Hmm, 4 months is a long time, and a hell of a lot has happened during this period, as I’m sure you can guess. I’m evidently not going to bore you all with a detailed account, but I’ll try to pick out a few of the more interesting/entertaining tales, and pepper it with the odd photo when and where I can. Currently sat in the hotel bar in Port Gentil, Regab on one side, so if this gets more and more incomprehensible, then there’s your reason.
On the 1st September 2011, after 4 days of travel, I finally arrived in camp Yatouga, the site of the gorilla habituation (as opposed to camp Ozouga, where the chimpanzee habituation occurs). Yatouga is situated on the southern edge of Iguela lagoon, and as such is bound on two sides by rainforest, with mangrove and lagoon on the third and fourth. After the hour and a half boat ride through the lagoon, it was an incredible experience to step off the boat and finally get a look at my home for the next year. The first thing to strike was the assault against my ears, as the sound of the rainforest kicked in with continuous squawks, clicks, whistles and croaks, from an all manner of different creatures hiding amongst the trees and bushes. Accompanied by the dense smell of vegetation, and meeting the six pygmy trackers and Matachado (the camp chef), it was a lot to take in. My home was a tent, and my office, the rainforest directly behind the tent where the elephants, gorilla and chimpanzee roam. This was to be the beginning of a good year, though it didn’t get off to too great a start…

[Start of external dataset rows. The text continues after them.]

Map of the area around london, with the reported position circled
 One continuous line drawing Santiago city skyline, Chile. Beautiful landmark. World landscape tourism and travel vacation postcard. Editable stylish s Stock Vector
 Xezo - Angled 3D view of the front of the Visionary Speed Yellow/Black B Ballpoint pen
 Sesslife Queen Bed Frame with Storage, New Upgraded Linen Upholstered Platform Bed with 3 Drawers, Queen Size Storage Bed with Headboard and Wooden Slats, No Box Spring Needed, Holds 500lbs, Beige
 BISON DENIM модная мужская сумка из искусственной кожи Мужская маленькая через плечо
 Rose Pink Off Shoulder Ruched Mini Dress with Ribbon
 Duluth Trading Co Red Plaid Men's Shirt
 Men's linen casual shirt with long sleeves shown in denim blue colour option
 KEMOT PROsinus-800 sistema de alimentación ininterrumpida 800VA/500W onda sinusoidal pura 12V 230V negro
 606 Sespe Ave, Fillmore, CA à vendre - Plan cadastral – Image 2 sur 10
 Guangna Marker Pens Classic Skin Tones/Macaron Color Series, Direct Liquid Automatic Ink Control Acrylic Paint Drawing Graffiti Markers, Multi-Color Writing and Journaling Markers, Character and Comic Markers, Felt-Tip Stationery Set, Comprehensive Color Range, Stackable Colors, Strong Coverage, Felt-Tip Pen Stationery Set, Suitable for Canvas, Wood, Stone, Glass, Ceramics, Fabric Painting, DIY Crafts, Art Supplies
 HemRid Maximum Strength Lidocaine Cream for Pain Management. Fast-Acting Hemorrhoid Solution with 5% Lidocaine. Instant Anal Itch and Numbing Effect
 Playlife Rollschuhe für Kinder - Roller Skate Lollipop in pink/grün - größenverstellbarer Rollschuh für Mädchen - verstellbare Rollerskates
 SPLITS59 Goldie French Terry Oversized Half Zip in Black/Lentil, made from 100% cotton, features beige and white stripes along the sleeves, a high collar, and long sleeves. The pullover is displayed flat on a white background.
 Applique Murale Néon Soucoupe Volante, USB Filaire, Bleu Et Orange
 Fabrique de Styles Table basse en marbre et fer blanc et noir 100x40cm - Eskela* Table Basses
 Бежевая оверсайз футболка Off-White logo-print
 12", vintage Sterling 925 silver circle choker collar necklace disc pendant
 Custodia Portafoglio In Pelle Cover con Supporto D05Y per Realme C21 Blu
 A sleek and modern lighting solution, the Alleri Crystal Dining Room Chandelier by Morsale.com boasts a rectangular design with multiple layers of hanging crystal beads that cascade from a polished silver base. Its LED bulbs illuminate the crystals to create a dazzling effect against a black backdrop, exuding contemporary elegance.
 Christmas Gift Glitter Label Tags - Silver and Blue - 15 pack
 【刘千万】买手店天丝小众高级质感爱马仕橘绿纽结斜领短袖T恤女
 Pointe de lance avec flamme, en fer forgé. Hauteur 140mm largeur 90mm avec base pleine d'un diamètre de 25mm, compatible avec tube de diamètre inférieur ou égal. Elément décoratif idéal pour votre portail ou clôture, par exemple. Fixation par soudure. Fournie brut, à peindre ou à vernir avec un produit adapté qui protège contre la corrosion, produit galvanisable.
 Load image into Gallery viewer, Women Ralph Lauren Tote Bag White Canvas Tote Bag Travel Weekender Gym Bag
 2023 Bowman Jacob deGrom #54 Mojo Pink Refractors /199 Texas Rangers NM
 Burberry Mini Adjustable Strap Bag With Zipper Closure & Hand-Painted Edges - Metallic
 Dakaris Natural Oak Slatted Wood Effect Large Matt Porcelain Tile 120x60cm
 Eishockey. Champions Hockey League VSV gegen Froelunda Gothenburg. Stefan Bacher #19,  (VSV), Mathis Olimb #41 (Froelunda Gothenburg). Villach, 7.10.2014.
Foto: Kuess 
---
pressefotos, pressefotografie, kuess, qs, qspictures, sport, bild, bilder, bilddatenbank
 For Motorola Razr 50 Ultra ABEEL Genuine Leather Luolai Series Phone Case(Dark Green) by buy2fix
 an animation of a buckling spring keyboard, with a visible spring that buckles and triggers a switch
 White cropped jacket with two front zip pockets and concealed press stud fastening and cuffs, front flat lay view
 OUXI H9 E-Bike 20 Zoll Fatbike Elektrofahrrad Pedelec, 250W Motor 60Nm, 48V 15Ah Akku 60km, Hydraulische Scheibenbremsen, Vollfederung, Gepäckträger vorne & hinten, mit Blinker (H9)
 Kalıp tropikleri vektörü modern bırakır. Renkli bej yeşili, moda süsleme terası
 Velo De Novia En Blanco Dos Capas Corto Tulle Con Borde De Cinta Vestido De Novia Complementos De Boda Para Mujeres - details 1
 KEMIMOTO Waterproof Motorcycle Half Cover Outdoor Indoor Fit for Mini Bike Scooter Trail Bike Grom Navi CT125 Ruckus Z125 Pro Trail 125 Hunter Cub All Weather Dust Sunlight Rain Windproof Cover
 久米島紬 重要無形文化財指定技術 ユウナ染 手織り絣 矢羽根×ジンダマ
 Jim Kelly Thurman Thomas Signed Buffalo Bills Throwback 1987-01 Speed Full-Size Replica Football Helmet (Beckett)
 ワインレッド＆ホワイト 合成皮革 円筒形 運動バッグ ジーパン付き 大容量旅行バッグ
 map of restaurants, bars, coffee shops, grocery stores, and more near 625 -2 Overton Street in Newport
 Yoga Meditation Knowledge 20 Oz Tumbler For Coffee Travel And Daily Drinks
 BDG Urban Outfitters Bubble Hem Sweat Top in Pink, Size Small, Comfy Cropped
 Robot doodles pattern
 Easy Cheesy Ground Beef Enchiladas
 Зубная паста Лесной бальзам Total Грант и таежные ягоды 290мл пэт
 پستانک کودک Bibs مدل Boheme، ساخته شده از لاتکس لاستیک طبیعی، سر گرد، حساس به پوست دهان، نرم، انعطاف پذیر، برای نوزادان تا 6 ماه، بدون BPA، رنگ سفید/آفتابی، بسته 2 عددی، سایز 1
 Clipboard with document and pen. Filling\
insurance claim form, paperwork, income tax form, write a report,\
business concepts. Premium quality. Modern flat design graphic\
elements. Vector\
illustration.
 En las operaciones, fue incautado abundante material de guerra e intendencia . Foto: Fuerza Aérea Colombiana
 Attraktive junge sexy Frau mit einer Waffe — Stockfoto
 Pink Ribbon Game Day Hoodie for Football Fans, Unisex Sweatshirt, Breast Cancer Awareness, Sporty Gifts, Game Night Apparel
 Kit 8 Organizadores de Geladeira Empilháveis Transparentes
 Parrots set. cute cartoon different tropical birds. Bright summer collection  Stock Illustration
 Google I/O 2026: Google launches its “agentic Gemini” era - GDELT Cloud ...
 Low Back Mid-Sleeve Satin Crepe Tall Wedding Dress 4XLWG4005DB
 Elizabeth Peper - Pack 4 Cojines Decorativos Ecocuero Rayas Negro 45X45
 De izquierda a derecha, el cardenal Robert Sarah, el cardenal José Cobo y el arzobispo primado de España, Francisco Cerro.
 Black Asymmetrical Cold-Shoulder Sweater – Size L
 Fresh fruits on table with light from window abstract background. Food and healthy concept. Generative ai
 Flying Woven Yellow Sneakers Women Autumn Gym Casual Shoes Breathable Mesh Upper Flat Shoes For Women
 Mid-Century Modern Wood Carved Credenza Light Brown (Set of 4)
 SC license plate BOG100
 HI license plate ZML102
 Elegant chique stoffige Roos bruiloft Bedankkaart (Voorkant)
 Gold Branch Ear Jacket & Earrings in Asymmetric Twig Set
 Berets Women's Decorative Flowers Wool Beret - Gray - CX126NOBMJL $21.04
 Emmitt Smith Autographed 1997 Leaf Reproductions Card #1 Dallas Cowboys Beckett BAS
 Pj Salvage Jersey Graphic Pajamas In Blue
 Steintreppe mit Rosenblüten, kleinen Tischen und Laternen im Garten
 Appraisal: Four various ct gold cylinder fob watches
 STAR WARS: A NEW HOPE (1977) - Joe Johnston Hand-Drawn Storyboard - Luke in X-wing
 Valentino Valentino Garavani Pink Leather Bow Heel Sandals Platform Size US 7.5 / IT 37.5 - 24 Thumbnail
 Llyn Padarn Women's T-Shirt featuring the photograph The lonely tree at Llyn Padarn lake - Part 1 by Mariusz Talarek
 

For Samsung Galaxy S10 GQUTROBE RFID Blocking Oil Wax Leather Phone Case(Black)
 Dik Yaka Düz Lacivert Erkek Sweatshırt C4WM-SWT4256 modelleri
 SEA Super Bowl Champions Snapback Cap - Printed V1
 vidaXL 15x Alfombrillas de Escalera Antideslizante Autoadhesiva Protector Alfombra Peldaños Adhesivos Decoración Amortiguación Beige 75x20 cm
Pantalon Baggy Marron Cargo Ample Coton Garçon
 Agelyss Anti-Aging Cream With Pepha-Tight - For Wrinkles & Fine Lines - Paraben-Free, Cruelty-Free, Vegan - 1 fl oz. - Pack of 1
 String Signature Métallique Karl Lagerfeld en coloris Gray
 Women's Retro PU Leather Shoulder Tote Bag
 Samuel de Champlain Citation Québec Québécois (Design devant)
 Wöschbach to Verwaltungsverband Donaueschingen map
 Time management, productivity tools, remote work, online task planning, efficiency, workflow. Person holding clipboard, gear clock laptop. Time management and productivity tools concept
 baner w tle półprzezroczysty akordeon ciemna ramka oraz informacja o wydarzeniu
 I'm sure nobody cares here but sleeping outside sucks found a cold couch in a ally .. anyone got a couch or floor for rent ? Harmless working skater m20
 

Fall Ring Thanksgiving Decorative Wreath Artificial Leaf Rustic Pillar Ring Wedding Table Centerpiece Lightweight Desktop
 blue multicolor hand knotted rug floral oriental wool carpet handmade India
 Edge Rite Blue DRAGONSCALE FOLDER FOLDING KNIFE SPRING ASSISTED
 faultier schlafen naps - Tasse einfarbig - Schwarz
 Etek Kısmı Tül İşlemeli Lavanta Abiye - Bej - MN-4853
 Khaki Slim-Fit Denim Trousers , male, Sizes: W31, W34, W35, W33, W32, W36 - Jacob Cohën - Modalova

So as I said, I arrived in Yatouga after 4 days travel, but unfortunately, my luggage wasn’t so lucky. All I knew (and all anyone at the airport knew), was that it got on the plane in London, and somewhere between there, Addis Ababa, and Libreville, it went missing. Awesome. I was to leave Libreville the day after my flight in, so I had to put blind faith in Freda, who lives in Libreville and works with Max Planck, and who I’d just met. It wasn’t an ideal situation by far, but with my flight to Port Gentil (POG) already booked, it was all I could do. A few days later (via a 5 hour boat ride) we arrived in Ombue from POG, and had a few minutes to gather ourselves before we were whisked off to the head of police for the state. And in true African style, here we hit another speed bump. We needed him to register us to allow us to work in Loango, but he wasn’t in too pretty a mood. First, we needed two passport photos, of which I had none, then he claimed that our entry stamps in our passports were faked, then our letters of invitation to work in the country were simply not enough, so that finally, he wanted to keep our passports until all this was sorted. All these angry musings from the head of police was very difficult to take seriously, as he sat there in a slipknot tee-shirt.
Ok, just got back from diner, evidently with a fair bit of beer, and am feeling a liiittle tipsy, but maybe this’ll help the creative juices flow… Though as I have just read in Steve Jones’ ‘The Single Helix’ (which I found in Yatouga, Stevie J has made it to Gabon!), alcohol and creativity is just psychological, but tell that to the guy sat in front of the computer with beer and cigarettes. Oh wait, he did…
Ok, ok, focus. Foooocus. Where was I? Police, no luggage, Yatouga. Right. So I had one pair of trouser, one pair of boots, two tee-shirts, two boxers and socks, and that’s about it. Welcome to the jungle! Thanks to the generosity (or pity) of Julie and Chris (the two other French research assistants at Yatouga), I was able to acquire a pair of shorts, tee-shirt, raincoat and water bottle for the forest, and was, as such, set for the jungle for an indefinite period of time. My first day was pretty boring (we saw 1 buffalo and a few red river hog (potamochere in French, pota for short) in 9 hours of walking). But after that things picked up, to make an amazing first few weeks.
On the second day I was out in the forest with Julie and two of the trackers, and we found fresh gorilla tracks. The trackers, as is often the case, seem to have a sixth sense for animal tracks, seeing things where most see leaves and dirt, but eventually, they stop and point through the trees. Heart in mouth, I raise my binoculars and peer at the spot they indicated, and sure enough, there sits a huge silver back gorilla.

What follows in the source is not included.